What to produce:
Could you restate word for word every line from the one containing "An open yellow" to the end of the data below, pictures excluded?

The data:
━━━━━━━━━━━━━━━━━━━━━━━━━━━━━━

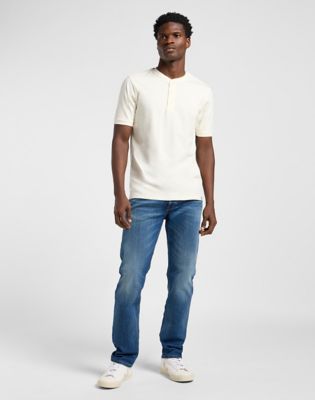 Short Sleeve Henley Tee in Ecru alternative view 2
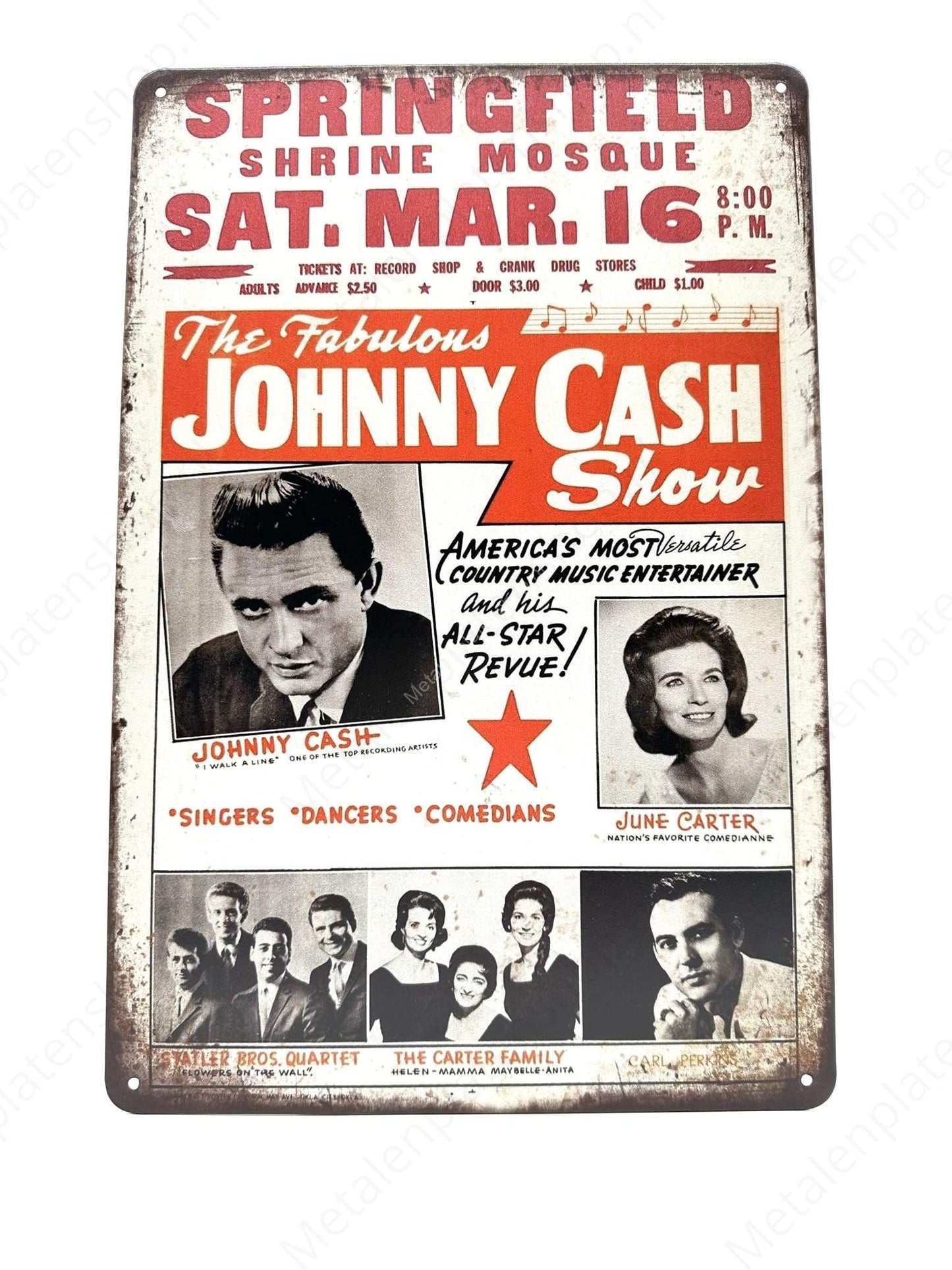 The fabulous Johnny Cash show - Metal Wall Sign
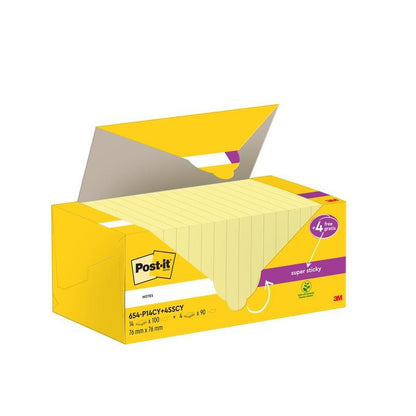 An open yellow box of Post-it® Notes (76x76 mm, 14 pads of 100 sheets) with 4 free Super Sticky Notes pads (90 sheets), PEFC-certified by 3M Deutschland GmbH.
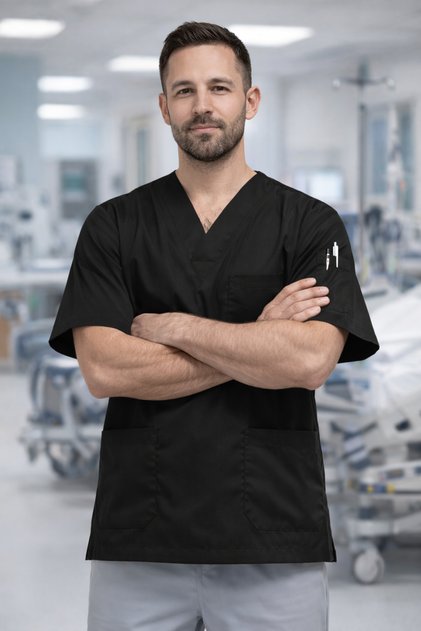 Men's 4-Pocket Nurse and Doctor Scrubs Single Top Uniform Hospital Surgical Gown Comfortable Medical Clothing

━━━━━━━━━━━━━━━━━━━━━━━━━━━━━━

Written answer:
 An open yellow box of Post-it® Notes (76x76 mm, 14 pads of 100 sheets) with 4 free Super Sticky Notes pads (90 sheets), PEFC-certified by 3M Deutschland GmbH.
 Men's 4-Pocket Nurse and Doctor Scrubs Single Top Uniform Hospital Surgical Gown Comfortable Medical Clothing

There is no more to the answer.